Comment immatriculer une voiture belge en France ?

Il est nécessaire d’immatriculer un véhicule acquis à l’étranger afin qu’il circule librement sur le territoire français. Contrairement aux véhicules achetés en France, la procédure de demande de carte grise pour les voitures importées de la Belgique semble moins allégée.  L’immatriculation d’une voiture belge en France suit des démarches très importantes. Pour ce faire, elle nécessite la fourniture de plusieurs documents. Il s’agit en premier  d’un certificat fiscal qui permettra de respecter les exigences de la Taxe sur la Valeur Ajoutée. L’intéressé devra alors montrer la facture qui prouve que le véhicule a vraiment été acheté. Ce dernier doit également fournir le certificat d’immatriculation de la Belgique, une pièce d’identité valide et un  justificatif de domicile. Ce dernier document doit en principe dater de bien moins de 3 mois. Ensuite il faut présenter un certificat de conformité constructeur attestant du respect des normes exigées  par l’Union Européenne.

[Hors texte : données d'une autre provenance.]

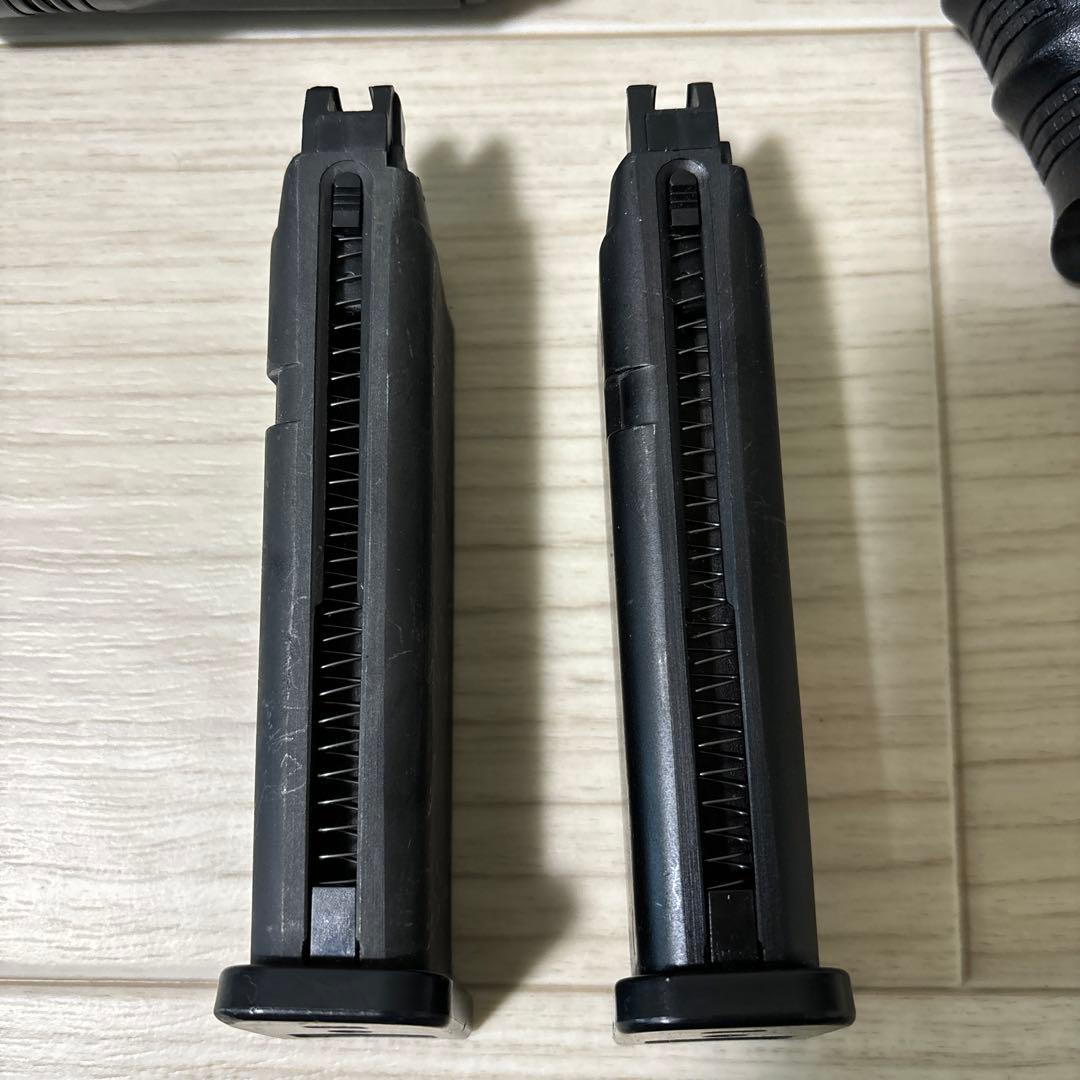 GLOCK 17 ガスブロ　マガジン2本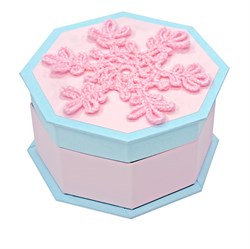 "Снежинка". Подарочная коробочка, пастильные рулеты с черной смородиной. 00167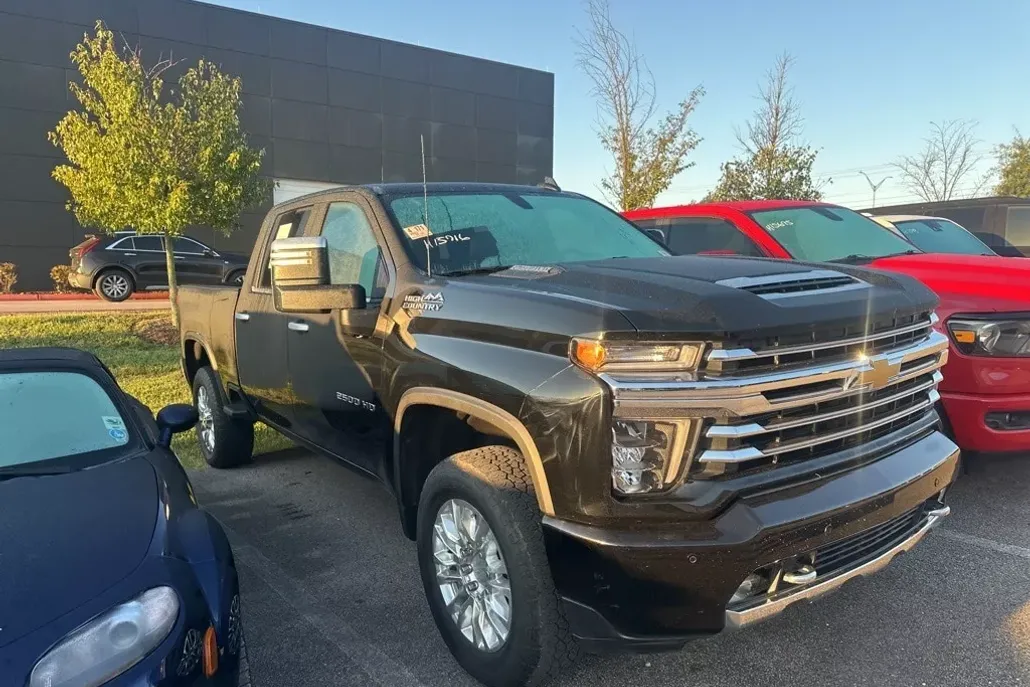 2023 Chevrolet Silverado 2500HD High Country photo 1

La commande de ce certificat se fait généralement en ligne te plus précisément sur le site web d’Euro Conformité. La demande d’une plaque d’immatriculation provisoire WW est la partie suivante du processus. Cette demande est en principe effectuée auprès d’un site habileté et agréé par l’Etat. On peut en effet citer par exemple Carte Grise Guichet qui est un établissement auprès duquel on peut effectuer une demande de plaques d’immatriculation. Elle vous permettra d’obtenir un certificat dont la validité courra 4 mois en attendant que la carte grise française définitive soit délivrée. Il faudra par ailleurs effectuer un test technique pour le véhicule belge âgé de 4 ans au moins et dont le dernier contrôle remonte à plus de six mois.   Une fois que toutes les conditions sont remplies, il est alors possible de définitivement immatriculer le véhicule importé de la Belgique. L’opération peut se faire en ligne via le site officiel de l’Agence Nationale des Titres Sécurisés. Il est également possible de le faire sur la plateforme gouvernementale ou même d’autres professionnels agréés par l’Etat. En outre, il est important de rappeler que la préfecture qui autrefois assurait aussi ce rôle en a été démise. Contrairement à ce qui se fait en France, les plaques d’immatriculation des voitures belges représentent la propriété des personnes morales ou physiques.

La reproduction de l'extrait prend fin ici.